Pourtant, sur le point de mourir, Isaac voulait, semble-t-il, bénir Esaü car il voyait en lui un homme d’action, à l’aise dans ce bas monde, à même d’incarner la Thora sous ses deux modalités, terrestre et céleste, étant « l’aîné » (jusqu’à la Faute du Veau d’Or, l’aîné était le responsable des relations entre Dieu et l’homme). Rivca, en revanche, juste, sage et rusée, aussi (fille et sœur de fourbes,) sut identifier que Jacob devait recevoir la bénédiction et « l’aînesse » –avec toutes leurs implications-, compréhension qu’Isaac reprit ensuite à son compte : « La bénédiction restera sienne. » (ibid. XXVII, 34). Et Rachi d’expliquer que, par son acquiescement, Isaac voulait empêcher qu’on prétende qu’il avait été abusé. Au contraire, il tenait à ce que la bénédiction et l’aînesse passent par Jacob (cf. Rachi ad loc.).

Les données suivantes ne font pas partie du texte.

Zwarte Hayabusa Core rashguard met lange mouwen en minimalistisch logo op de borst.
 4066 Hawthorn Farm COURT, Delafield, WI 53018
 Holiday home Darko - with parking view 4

Ceci étant : Le « heurt » entre Esaü et Jacob reste d’actualité. A la veille des élections, les deux conceptions antagonistes continuent de se heurter au sein de la société israélienne. Celle d’Esaü prône la jouissance de l’instant, la quête de la matérialité et d’une paix chimérique. En échange d’une partie de notre Terre chérie, on recevrait la promesse de garanties internationales, métamorphose politique du plat de lentilles, mais dans une connotation inversée. La transaction s’opérerait au méprit de nos valeurs sacro saintes, morales et sionistes, et de notre vocation « d’aîné », hériter Eretz Israël dans sa totalité.
En revanche, la conception de Jacob prône l’intégrité, la Thora, la fidélité aux valeurs authentiques, le refus de se laisser corrompre (matériellement ou spirituellement), même si, comme lui, on demeure chez Laban le fourbe, la mise en exergue de l’amour et de la foi, des valeurs et des idéaux, de la prise en charge de ses responsabilités et du sacrifice de soi, autant de valeurs qui transcendent de loin le matérialisme.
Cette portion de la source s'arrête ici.